Everytime the report is refeshed or whem I'm editing the report query it takes a lot of time to load.

 

I've been reading up the incremental refreah but it doesn't seem to be feasible for my report.

2 ACCEPTED SOLUTIONS

I'm not saying you should append them. That would be a manual process each time there is a new file but instead, strike a balance between the two approaches. The current combine feature doesn't do much other than letting you combine the files without much coding.

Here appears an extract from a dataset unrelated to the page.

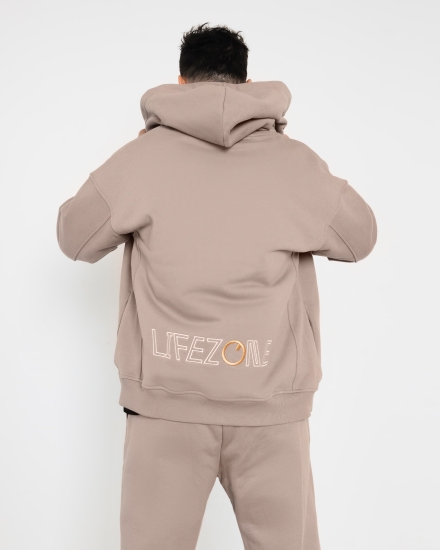 Зип худи LZM с вышивкой, мокко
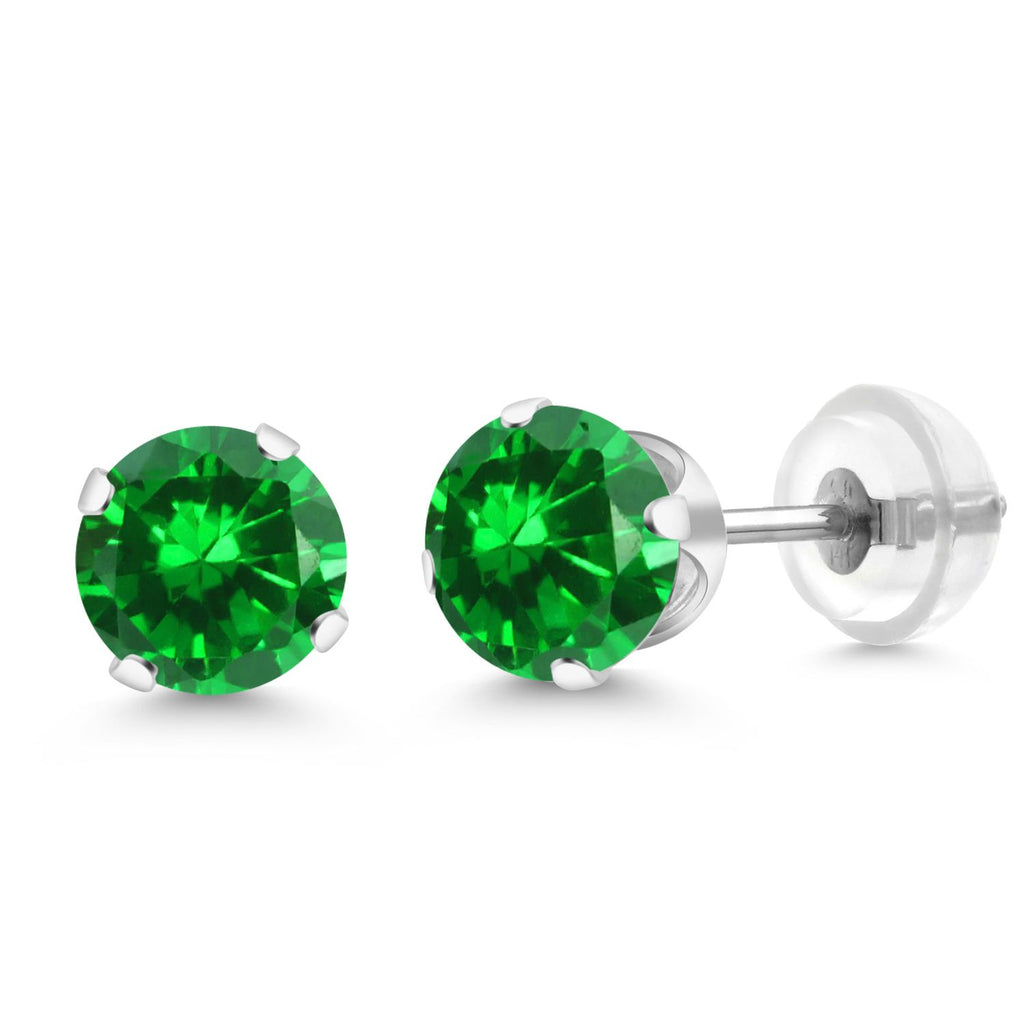 Gem Stone King 14K Gold Gemstone Birthstone Solitaire Stud Earrings | Round 6MM | Gold Earrings For Women Men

I would do these:

  • Process everything in Desktop
    • partition the files into different folders which means one combine will have lesser files to work on
    • append each combine into one
    • Or pre-process historical/static/files that are unlikely to change in Dataflow
      • Partition the files same as above, each partition having its own query
        • Save the Dataflow and refresh it
        • Connect to the Dataflow from the desktop
        • Append the Dataflow tables together with the local query (for current file/s)
        • Make sure each query both from the Dataflow and local in the Desktp have the same transformations prior to appending the. Apply additional transformations after appending if needed.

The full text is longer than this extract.